● **WORK ORDER**
Starting at the first line of the entries, extract each line up to and including the one that contains "Custom Olive Navy-Old", but leave out the pictures.

● **RECORD EXTRACTS**
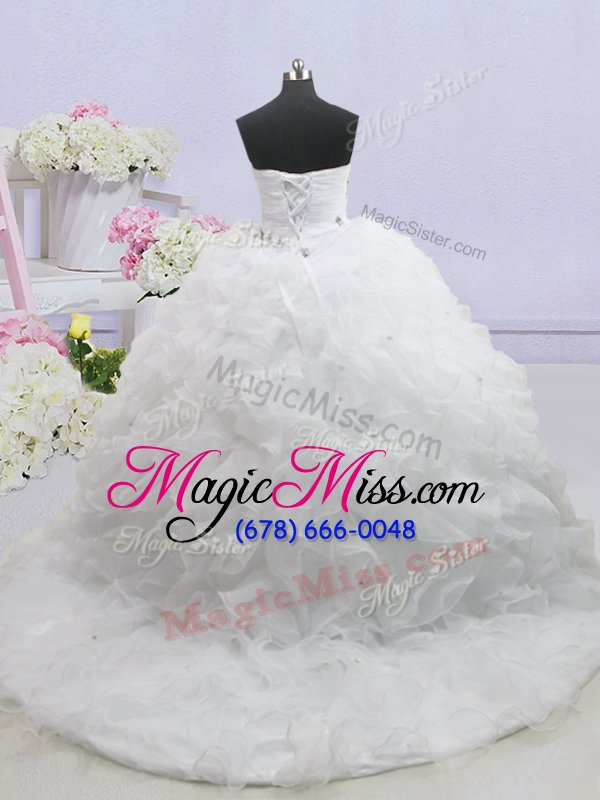 wholesale dynamic sweetheart sleeveless wedding dresses with brush train beading and ruffled layers white organza
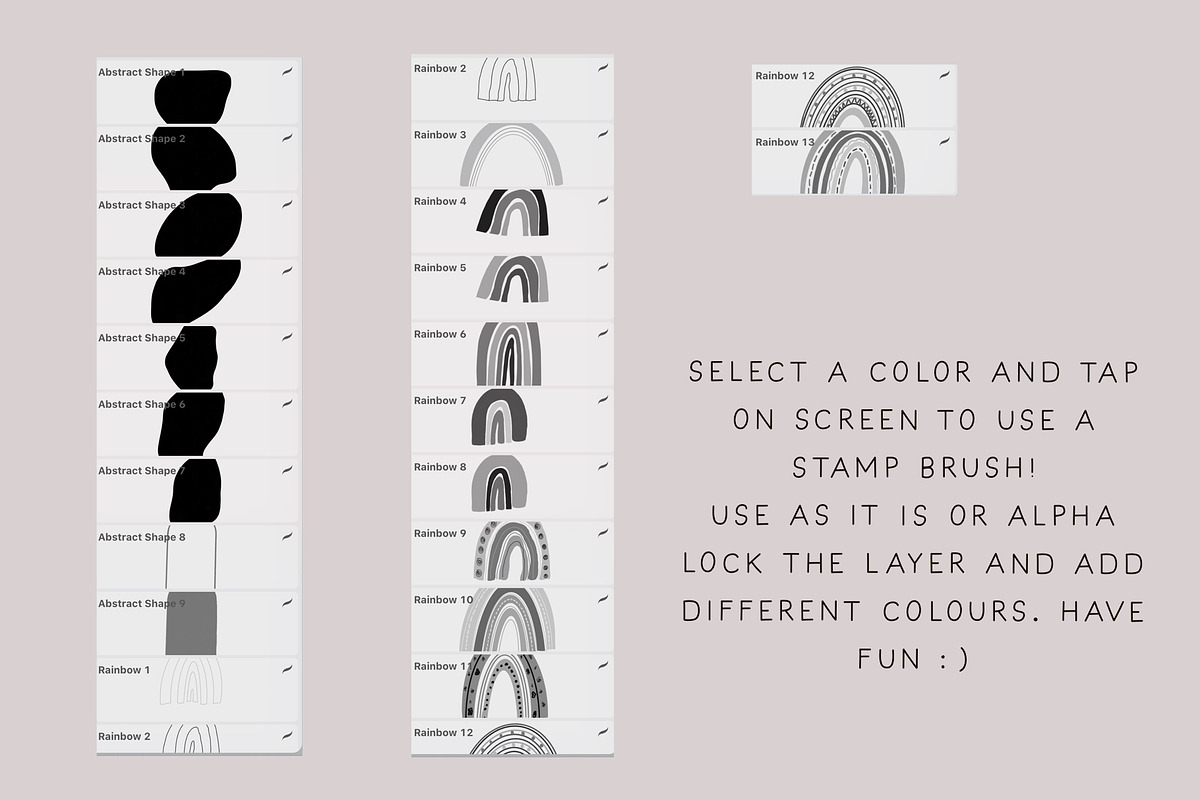 Abstract Shapes and Rainbow Stamps, a Brush Add-On by BohoCalligraphy (Photo 4 of 6)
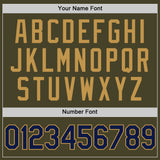 Custom Olive Navy-Old Gold Authentic Throwback Salute To Service Basketball Jersey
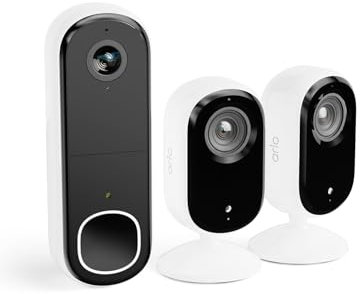 Arlo Indoor Camera with Video Doorbell, 2K Indoor Pet Camera Wired, HD Video Doorbell Wireless, Security Kit, Night Vision, Motion Sensor, Siren, 2-Way Audio, Free Trial of Arlo Secure, White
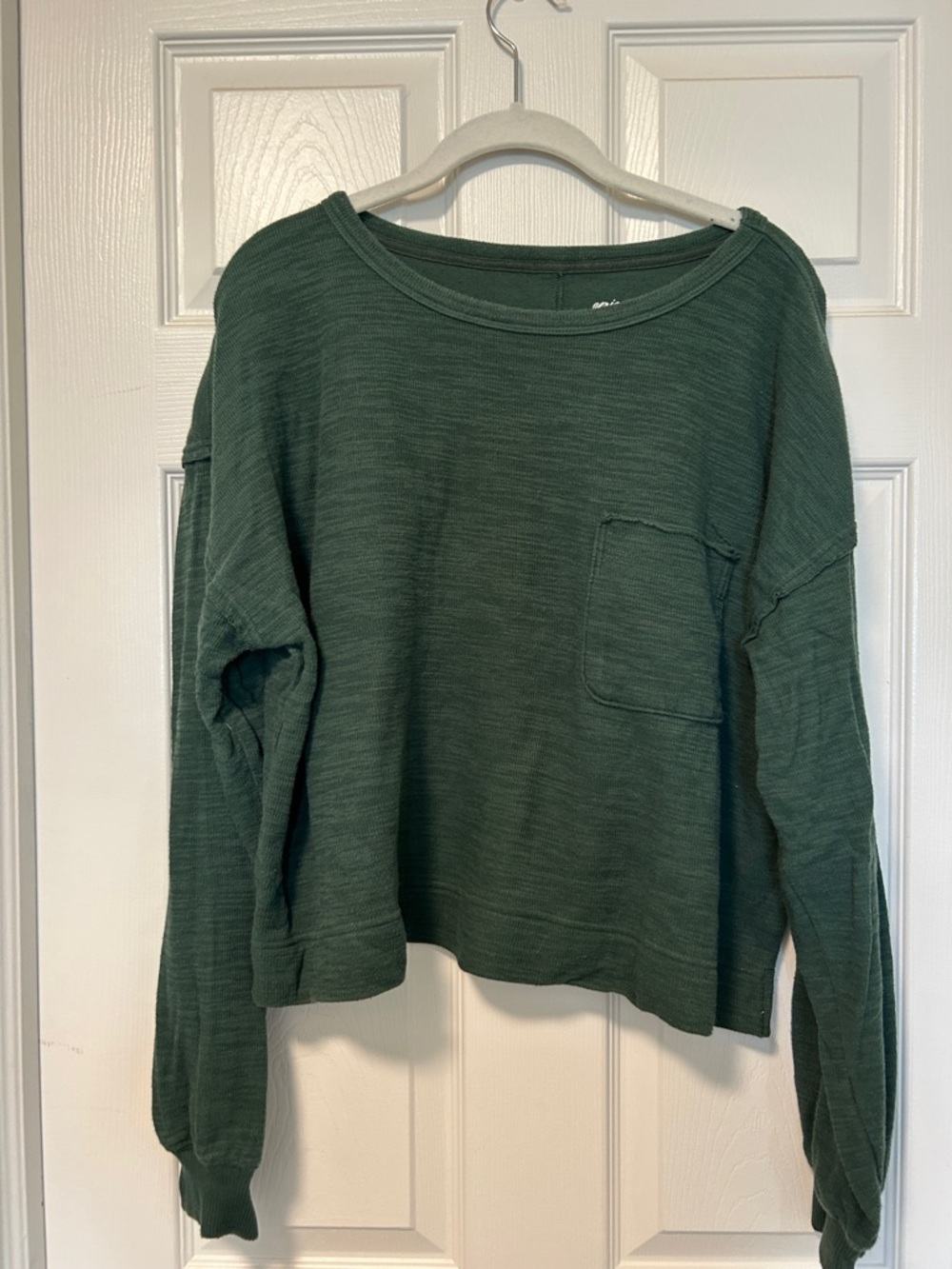 aerie Forest Green Long-Sleeve Pocket Sweatshirt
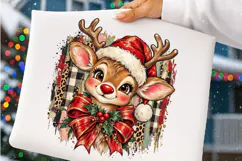 Christmas Reindeer PNG | Leopard & Buffalo Plaid Santa Hat Product Image 4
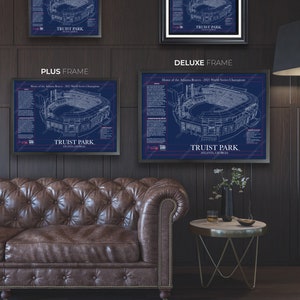 Mockup of Truist Park Blueprint Frames Enhancing an Office Wall.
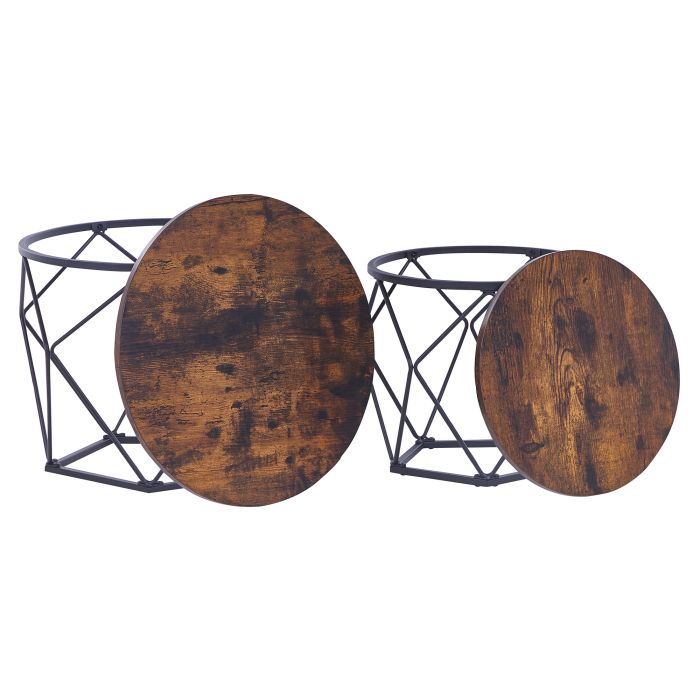 Set de 2 mese de cafea BRUNI Maro/Negru [4]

● **SOLUTION FOR THIS TASK**
 wholesale dynamic sweetheart sleeveless wedding dresses with brush train beading and ruffled layers white organza
 Abstract Shapes and Rainbow Stamps, a Brush Add-On by BohoCalligraphy (Photo 4 of 6)
 Custom Olive Navy-Old Gold Authentic Throwback Salute To Service Basketball Jersey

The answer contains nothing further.